How is that better? Well it's horrible for the North. It would have been economically devastating on their shipping industry as well as other industries in the North. It's really good for the South though, because the shippers can't gouge them anymore.
You probably forgot or refused to accept it when it was first explained to you, but when the Law sets forth penalties for using foreign ships, (up to and including confiscation of the ship and cargo) The gouging domestic industry sets their prices just barely below the cost of doing business with Foreign ships or crews and the cost of paying all the fines.
So yeah, the Shipping charges would suddenly have gotten way cheaper for the Southern states than they had previously been. That's why Washington DC was *IN* the protection game in the first place. To protect Northern industries, including shipping.
Again, not about slavery. The Corwin amendment proves DC and the North would sell the slaves down the river on a moment's notice, but what they absolutely would not tolerate is the loss of their revenue streams.

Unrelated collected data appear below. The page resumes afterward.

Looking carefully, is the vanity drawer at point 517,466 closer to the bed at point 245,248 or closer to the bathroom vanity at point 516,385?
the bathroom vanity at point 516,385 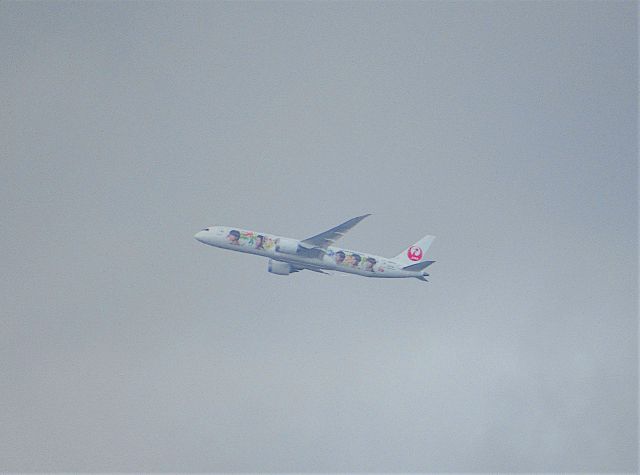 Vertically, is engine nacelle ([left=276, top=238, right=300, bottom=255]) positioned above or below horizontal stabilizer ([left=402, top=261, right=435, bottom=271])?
above

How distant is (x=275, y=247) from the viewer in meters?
104

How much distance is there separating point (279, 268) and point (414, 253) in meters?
14.4

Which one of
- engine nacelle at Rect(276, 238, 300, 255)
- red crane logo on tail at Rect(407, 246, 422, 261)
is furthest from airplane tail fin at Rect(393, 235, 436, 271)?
engine nacelle at Rect(276, 238, 300, 255)

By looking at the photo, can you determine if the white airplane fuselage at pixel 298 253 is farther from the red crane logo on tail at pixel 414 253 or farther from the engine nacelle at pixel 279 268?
the red crane logo on tail at pixel 414 253

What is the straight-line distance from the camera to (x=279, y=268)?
110 metres

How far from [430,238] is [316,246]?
17256 mm

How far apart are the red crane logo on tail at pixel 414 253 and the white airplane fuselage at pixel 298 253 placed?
23.3 feet

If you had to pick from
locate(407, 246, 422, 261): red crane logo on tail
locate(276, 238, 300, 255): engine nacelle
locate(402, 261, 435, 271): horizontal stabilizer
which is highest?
locate(407, 246, 422, 261): red crane logo on tail

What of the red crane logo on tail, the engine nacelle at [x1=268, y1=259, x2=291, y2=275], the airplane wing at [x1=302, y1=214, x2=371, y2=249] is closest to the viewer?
the airplane wing at [x1=302, y1=214, x2=371, y2=249]

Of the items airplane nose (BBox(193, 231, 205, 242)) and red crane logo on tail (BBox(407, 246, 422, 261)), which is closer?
airplane nose (BBox(193, 231, 205, 242))

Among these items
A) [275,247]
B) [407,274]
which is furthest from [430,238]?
[275,247]

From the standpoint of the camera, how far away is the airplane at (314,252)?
Answer: 104 m

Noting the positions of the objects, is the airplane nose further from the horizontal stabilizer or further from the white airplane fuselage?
the horizontal stabilizer

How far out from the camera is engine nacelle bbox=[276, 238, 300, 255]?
104m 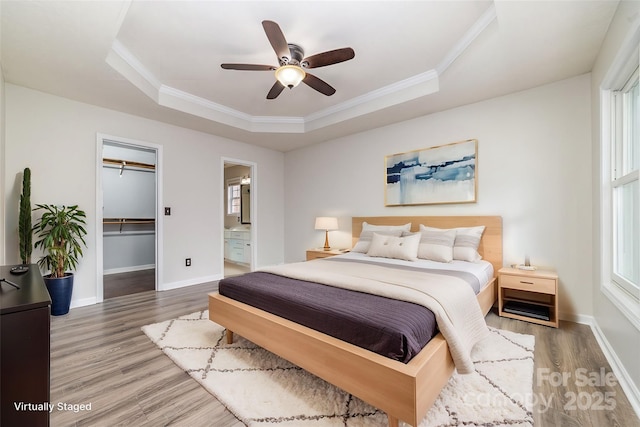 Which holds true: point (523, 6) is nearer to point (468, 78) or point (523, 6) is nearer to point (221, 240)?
point (468, 78)

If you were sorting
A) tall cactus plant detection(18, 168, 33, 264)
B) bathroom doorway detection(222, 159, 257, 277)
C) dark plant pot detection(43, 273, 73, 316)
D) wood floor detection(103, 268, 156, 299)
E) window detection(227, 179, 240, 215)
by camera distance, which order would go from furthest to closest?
window detection(227, 179, 240, 215) < bathroom doorway detection(222, 159, 257, 277) < wood floor detection(103, 268, 156, 299) < dark plant pot detection(43, 273, 73, 316) < tall cactus plant detection(18, 168, 33, 264)

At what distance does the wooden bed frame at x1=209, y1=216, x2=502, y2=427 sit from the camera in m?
1.24

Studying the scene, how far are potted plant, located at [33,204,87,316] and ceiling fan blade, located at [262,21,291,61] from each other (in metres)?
2.90

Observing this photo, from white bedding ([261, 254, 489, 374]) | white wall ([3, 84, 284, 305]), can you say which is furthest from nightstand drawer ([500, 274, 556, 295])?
white wall ([3, 84, 284, 305])

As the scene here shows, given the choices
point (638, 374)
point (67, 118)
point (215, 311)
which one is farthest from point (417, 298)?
point (67, 118)

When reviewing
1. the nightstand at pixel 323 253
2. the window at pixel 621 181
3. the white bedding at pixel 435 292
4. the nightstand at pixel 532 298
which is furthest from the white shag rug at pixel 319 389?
the nightstand at pixel 323 253

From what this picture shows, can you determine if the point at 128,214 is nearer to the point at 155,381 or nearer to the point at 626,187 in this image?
the point at 155,381

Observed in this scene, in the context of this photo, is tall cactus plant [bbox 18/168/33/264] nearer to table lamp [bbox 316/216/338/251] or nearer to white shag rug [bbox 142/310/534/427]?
white shag rug [bbox 142/310/534/427]

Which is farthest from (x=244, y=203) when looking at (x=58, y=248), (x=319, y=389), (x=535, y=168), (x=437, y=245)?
(x=535, y=168)

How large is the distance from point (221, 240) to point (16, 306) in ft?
13.0

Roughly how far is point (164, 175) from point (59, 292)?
189 centimetres

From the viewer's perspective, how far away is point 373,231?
12.9 ft

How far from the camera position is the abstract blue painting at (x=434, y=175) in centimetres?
342

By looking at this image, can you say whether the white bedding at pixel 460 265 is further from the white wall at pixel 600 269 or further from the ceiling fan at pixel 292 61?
the ceiling fan at pixel 292 61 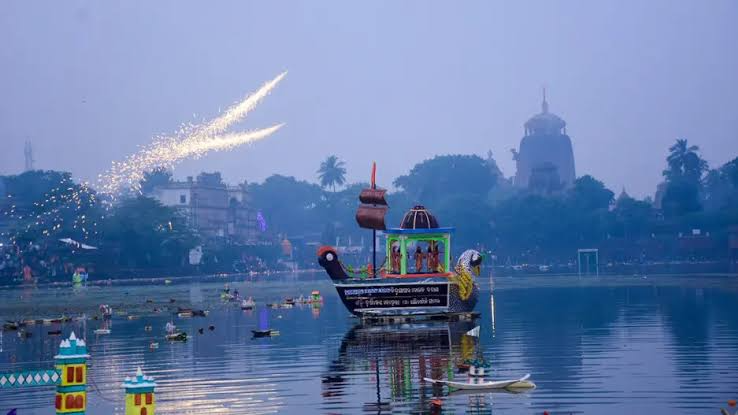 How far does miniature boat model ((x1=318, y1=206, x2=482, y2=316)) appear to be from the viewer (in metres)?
65.6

War was about money. Only money. Well power too, so okay, money and power. Same as every other war ever fought in history.
Which if your goal is to shaft Northern shippers then that's all well and good. But your original claim, or the author of the post you linked to, was that the north was raping the south by forcing the south to pay them for shipping and insurance and brokerage charges. If it's Europe who is doing the raping and not the north then where is the south any better off? They're still getting raped.

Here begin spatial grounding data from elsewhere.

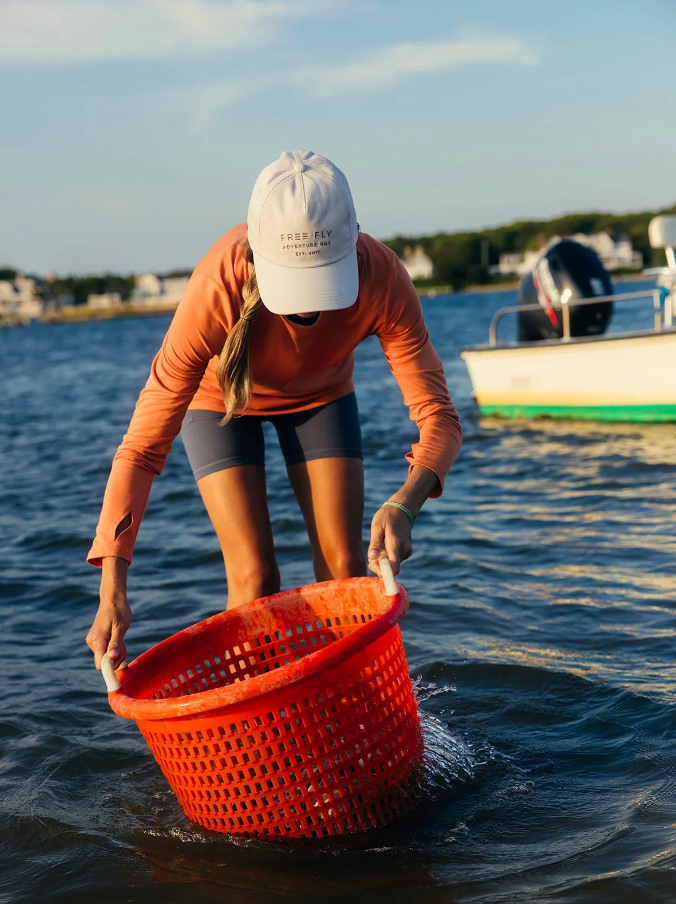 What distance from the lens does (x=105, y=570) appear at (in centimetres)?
274

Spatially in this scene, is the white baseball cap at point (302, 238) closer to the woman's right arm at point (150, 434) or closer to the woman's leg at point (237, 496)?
the woman's right arm at point (150, 434)

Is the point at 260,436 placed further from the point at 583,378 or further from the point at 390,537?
the point at 583,378

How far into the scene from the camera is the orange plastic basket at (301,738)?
2.46m

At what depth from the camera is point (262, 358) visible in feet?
10.1

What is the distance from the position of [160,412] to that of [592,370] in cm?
860

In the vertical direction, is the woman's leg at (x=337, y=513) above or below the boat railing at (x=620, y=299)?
below

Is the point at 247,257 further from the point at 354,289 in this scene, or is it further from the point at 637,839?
the point at 637,839

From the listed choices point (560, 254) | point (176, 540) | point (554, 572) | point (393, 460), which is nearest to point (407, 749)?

You probably forgot or refused to accept it when it was first explained to you, but when the Law sets forth penalties for using foreign ships, (up to and including confiscation of the ship and cargo)
For costal shipping only, U.S. port to U.S. port. Would the South scrap the Navigation Acts entirely?
So yeah, the Shipping charges would suddenly have gotten way cheaper for the Southern states than they had previously been.
You have no way of knowing if that is true. If the exporters of the south were used to paying X dollars per ton to ship their cargo then why wouldn't the European shippers charge the same?
Again, not about slavery.
From the southern standpoint, yes it was.
“It’s really good for the South though, because the shippers can’t gouge them anymore.”
Now you’re saying the Europeans were dumb. They had to have been to know they had NO competition with U.S. shippers out of the picture, and not change whatever they wanted to.